Out of all the coffee toys and tools people might have stored in a cupboard, at home or away, the stove-top Moka Pot will be hands down, the most likely to hiding away.
Your folks have one. Your Nan has one. The bach that you went to as a kid still has one. Heck, you probably have one sitting on your stove right now.
I have some hot tips, hot takes, and cold coffee for your go to summer break brewer, but first, some history.
1933 was the year…
In the weird period of World history between the Wars, a lot of great things were happening. In 1933 alone, construction on the Golden Gate Bridge started, James Brown was born, Ponsonby won the Chatham Cup at the Basin Reserve, and the Moka Pot was invented in Italy by a dude with an amazing mustache and a great name, Alfonso Bialetti.
The early 1900s were a bit of a time for coffee, with the invention of the espresso machine, filter coffee and vacuum coffee methods all being developed and enhanced. But for most, home brewing excellent coffee was hard. Until the Moka Pot.
After some lean times due to World War 2, where aluminum and coffee became very expensive, the Moka Pot took off in the mid-1950s in part due to the success of a massive market campaign, featuring a weird cartoon dude with a killer mo.
It not only became huge in Italy, it was incredibly popular all over the world. Partly, because it was cheap, simple to use, and didn’t need any special skill.
Brewing tips for excellent coffee
Brewing with this thing is easy.
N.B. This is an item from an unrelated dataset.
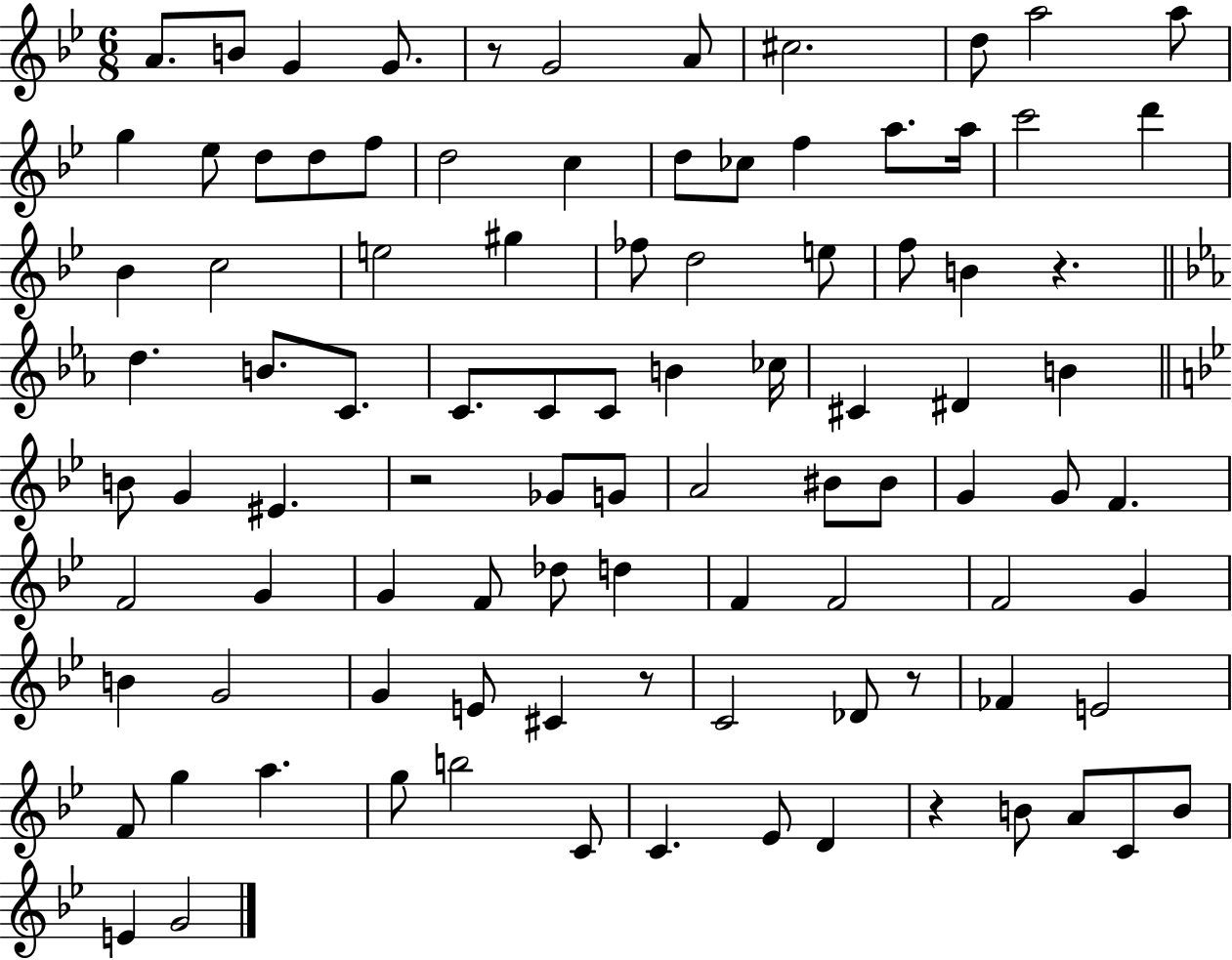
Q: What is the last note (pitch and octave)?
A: G4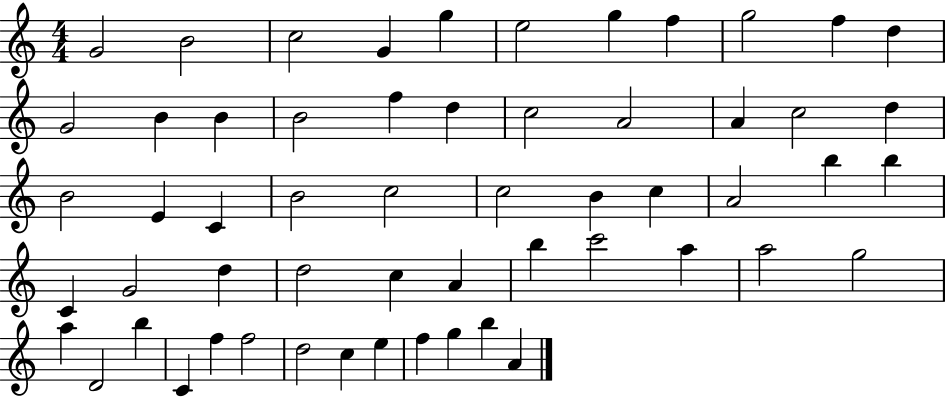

But I have some tips that will make your coffee taste even better.
1 - don’t tamp the coffee
An easy trap that people fall into is thinking that the Moka Pot makes espresso. It doesn’t.
Espresso is a specific way of making coffee that requires a lot of pressure. The Moka Pot doesn’t create the sorts of pressures needed for espresso.
So, since it’s not espresso, you don’t need to treat it like espresso! That means no need to tamp down the coffee in the filter.
Pour the coffee in, give it a tap so it’s all evenly distributed, but leave it sitting there nice an fluffy.
The benefit of not tamping, is that you don’t create channels in the coffee bed. Channels are bad. Channels force water to go through a small part of the bed, instead of going through the whole bed nice and even.
Channeling can cause bitterness, sourness, and a bad time. Don’t tamp, and you remove that risk! Yum.
2 - use hot water
Use hot water in the brewer instead of cold. It’ll brew quicker (yay) and reduce the risk of the stove top burning the coffee grounds before it has a chance to get the water hot enough.
Burnt coffee grounds equals bitter coffee. Use hot water.
And when you finish brewing, put the brewer into cold water, or run the cold tap over the bottom. This stops the remaining hot steam from getting into the coffee after you remove it from the heat. If you don’t do this, your coffee could get burnt, and, you guessed it, taste bitter. Not yum.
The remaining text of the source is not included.